#### Captioned web images
────────
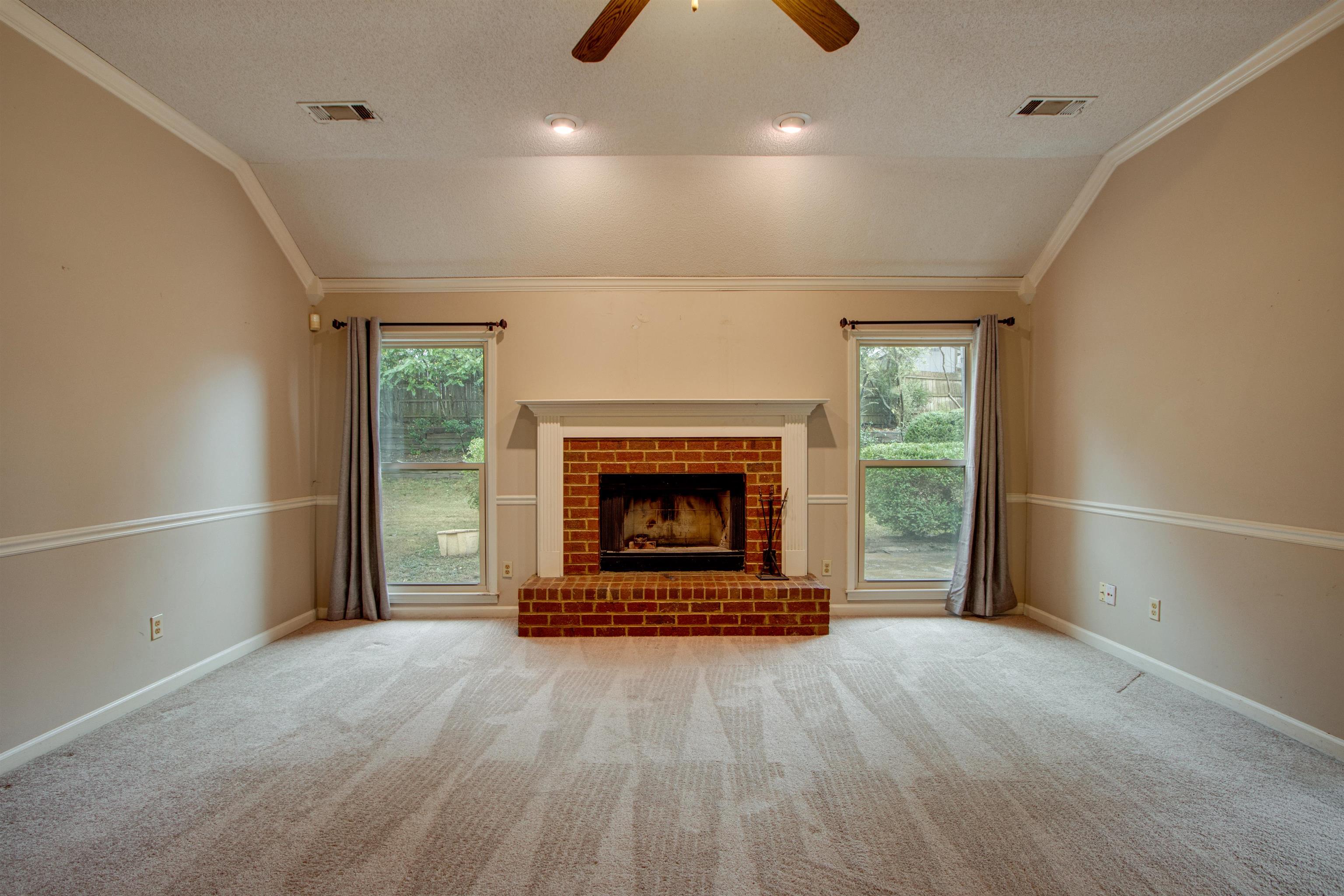 690 Ridge Fall Drive Memphis, TN 38018 - Photo 7 of 28 an empty room with fireplace and window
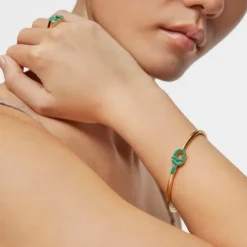 Bangle with 18kt gold plating over silver and green motif TOUS MANIFESTO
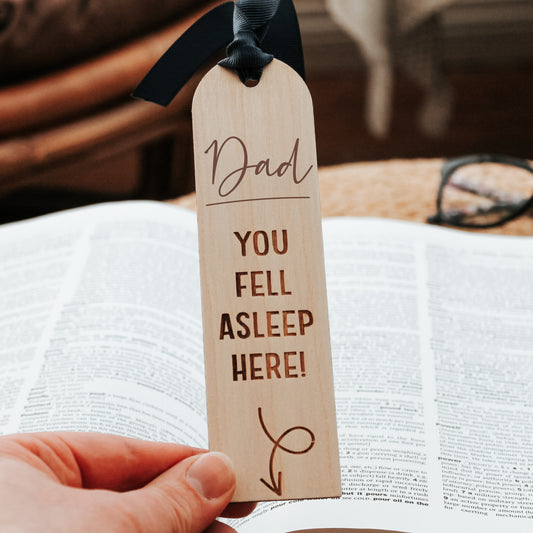 Playful wooden bookmark engraved with "Dad you fell asleep here" message pointing to a book below. Finished with a blue ribbon, it's the perfect reminder for book-loving fathers.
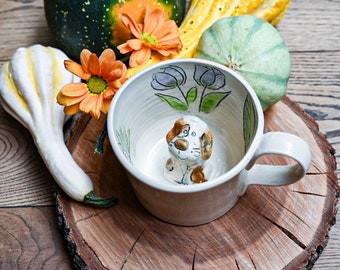 Puede incluir: Una taza de cerámica blanca con una ilustración de perro marrón y blanco en su interior. La taza tiene un diseño floral en el exterior y un asa en el lado derecho. La taza está sentada sobre una superficie de madera con calabazas y flores alrededor.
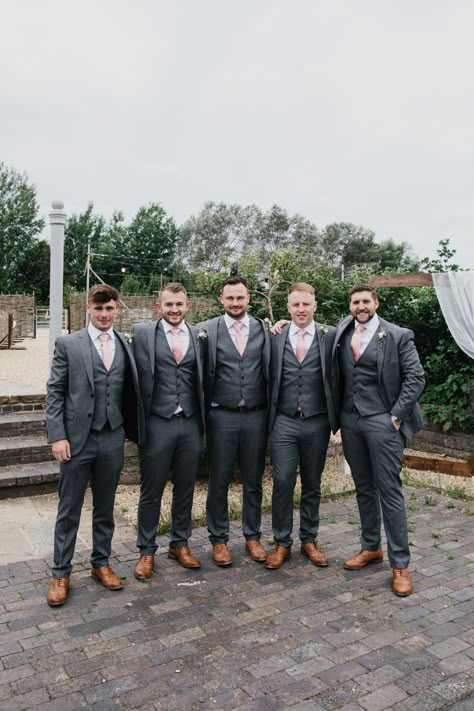 Charcoal Gray Suit Groomsmen, Groomsmen Attire Rose Gold Wedding, Dark Gray Suit With Pink Tie, Gray And Pink Groomsmen Attire, Grey And Pink Wedding Suit, Grey Suit Pink Tie Wedding, Grey Suit For Groomsmen, Groomsmen Attire For Dusty Rose Wedding, Grey Suit With Dusty Rose Tie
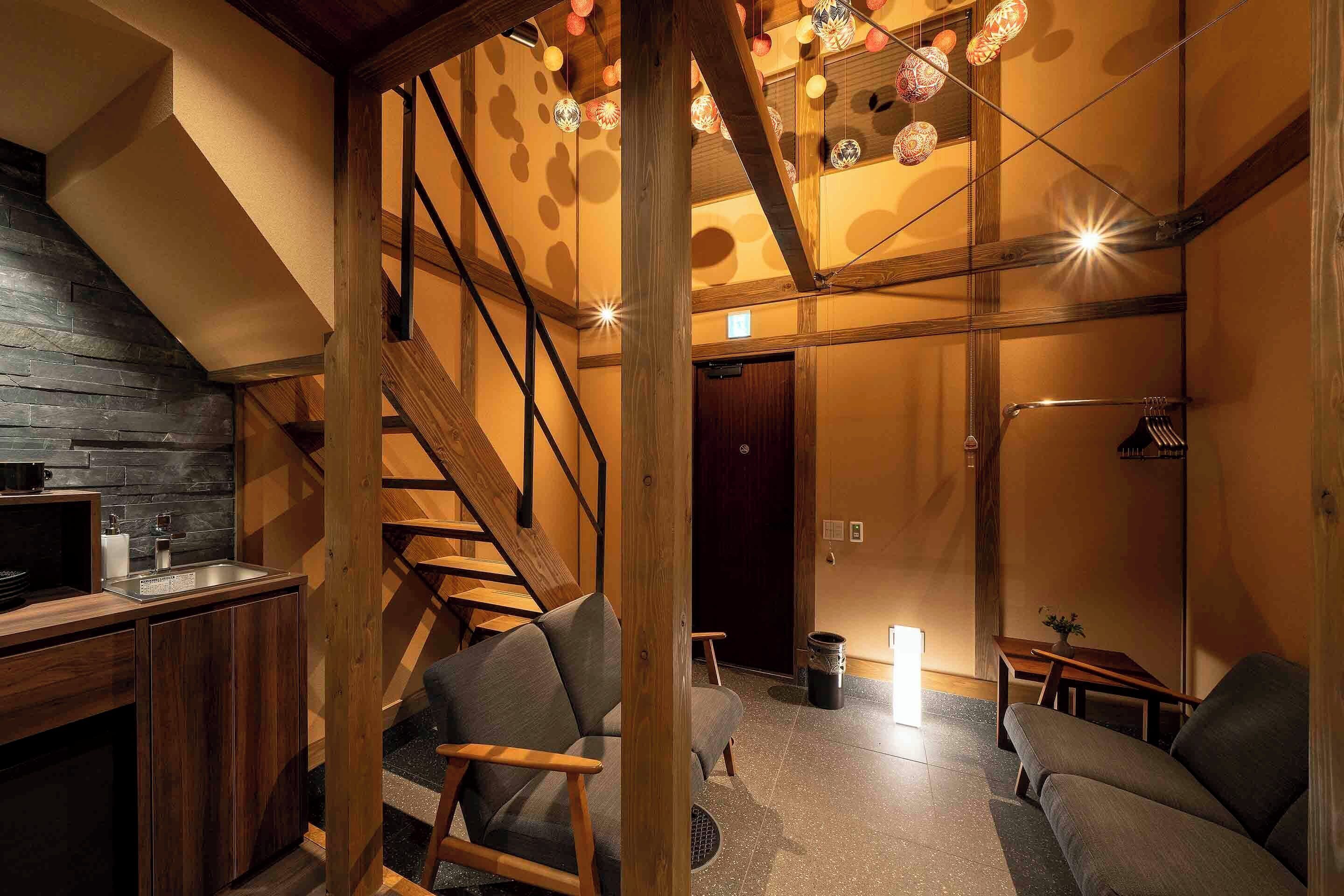 A modern interior with a kitchen area, wooden staircase, and seating space.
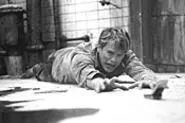Cary Elwes stars in Saw, the most brutal - movie youll see this year.
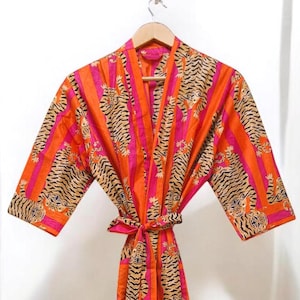 May include: A long-sleeved robe with a pink and orange striped pattern and a tiger print. The robe has a tie belt and is made of a soft, comfortable fabric.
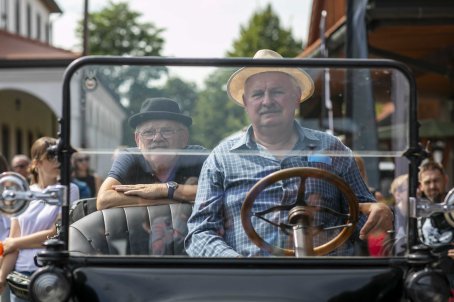 28.	Dwóch mężczyzn w pojeździe, w tle ludzie.
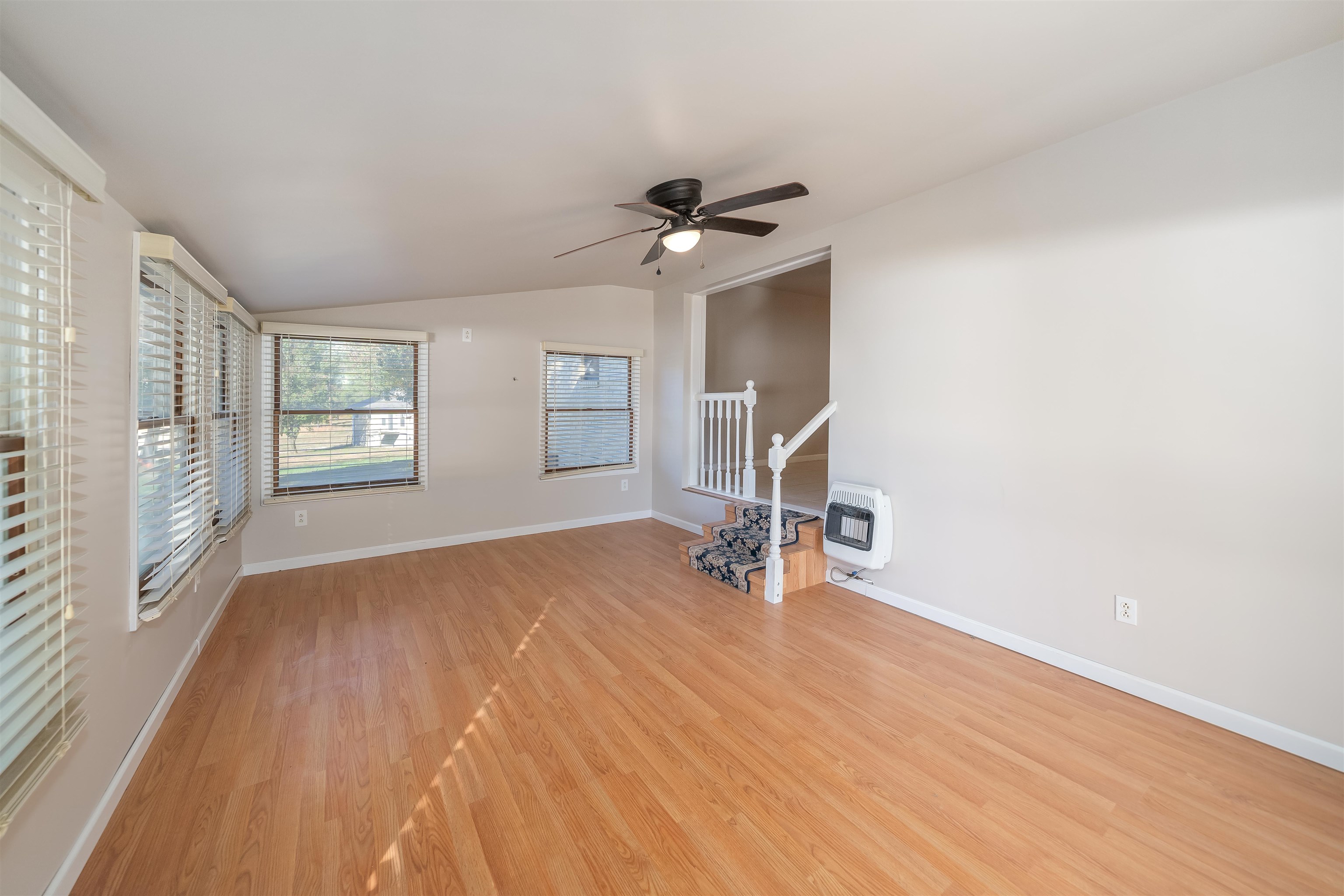 1070 Pine Top Road Toone, TN 38381 - Photo 12 of 30 wooden floor in an empty room with a window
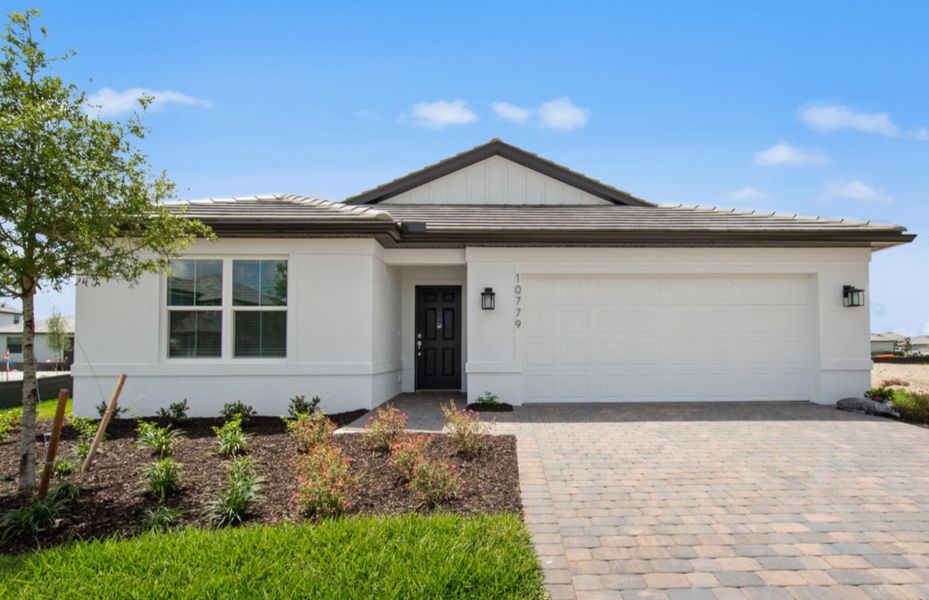 Representative exterior photo of a completed home built from the Chapman by Centex in Caloosa Cove, Labelle, FL (Image 18). Representative exterior photo of a completed home built from the Chapman by Centex in Caloosa Cove, Labelle, FL (Image 18).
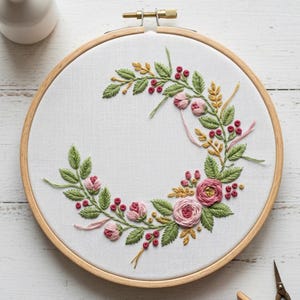 Puede incluir: Un bastidor de bordado floral con un diseño de semicírculo de rosas rosas, hojas verdes y bayas rojas. El bordado está colocado en un bastidor de madera. Una bobina de hilo rosa y unas tijeras pequeñas están cerca.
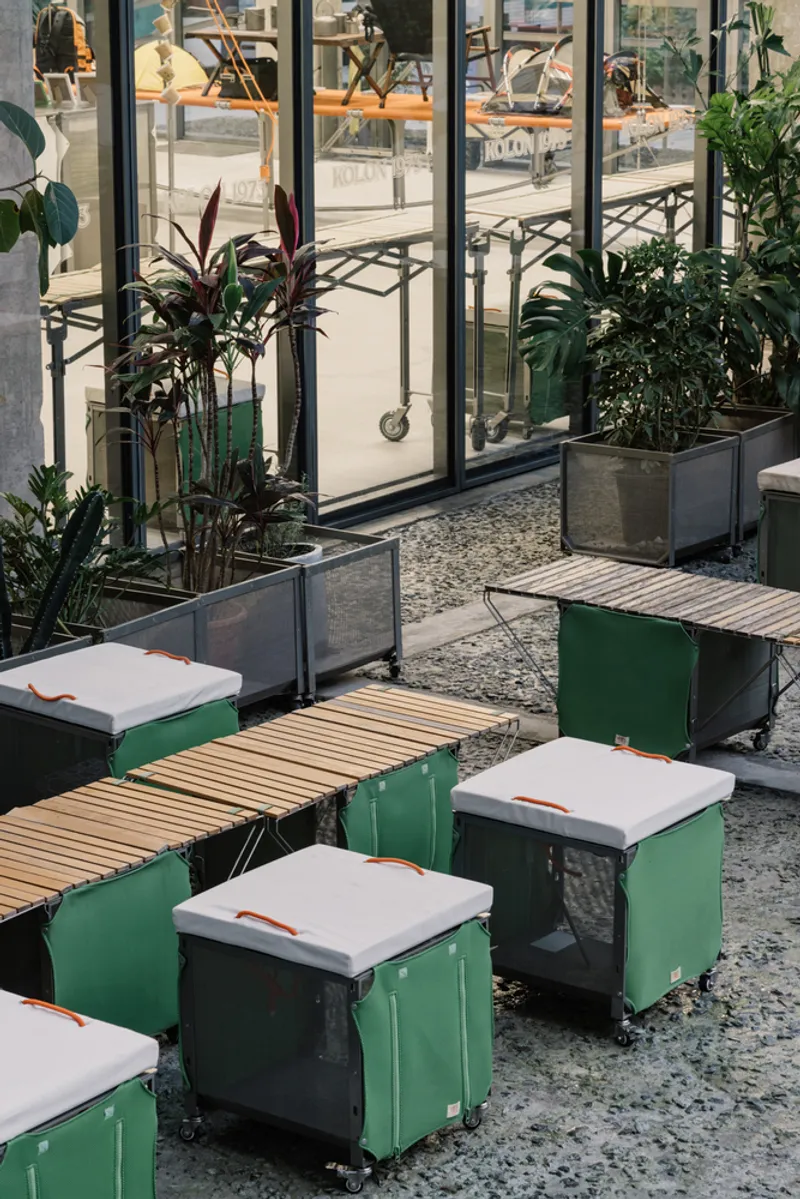 Green modular benches with timber slat surfaces and metal planters on terrazzo flooring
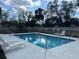 Sparkling community pool with lounge chairs, providing a relaxing and refreshing outdoor amenity for residents at 8019 Brien Green Way, Temple Terrace, FL 33637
────────
#### What the exercise asks
The expected output is an exact retyping of the lines from the line with "w tle ludzie." through the last line of the data, with both ends kept and the pictures dropped.

#### Result for this exercise
 28.	Dwóch mężczyzn w pojeździe, w tle ludzie.
 1070 Pine Top Road Toone, TN 38381 - Photo 12 of 30 wooden floor in an empty room with a window
 Representative exterior photo of a completed home built from the Chapman by Centex in Caloosa Cove, Labelle, FL (Image 18). Representative exterior photo of a completed home built from the Chapman by Centex in Caloosa Cove, Labelle, FL (Image 18).
 Puede incluir: Un bastidor de bordado floral con un diseño de semicírculo de rosas rosas, hojas verdes y bayas rojas. El bordado está colocado en un bastidor de madera. Una bobina de hilo rosa y unas tijeras pequeñas están cerca.
 Green modular benches with timber slat surfaces and metal planters on terrazzo flooring
 Sparkling community pool with lounge chairs, providing a relaxing and refreshing outdoor amenity for residents at 8019 Brien Green Way, Temple Terrace, FL 33637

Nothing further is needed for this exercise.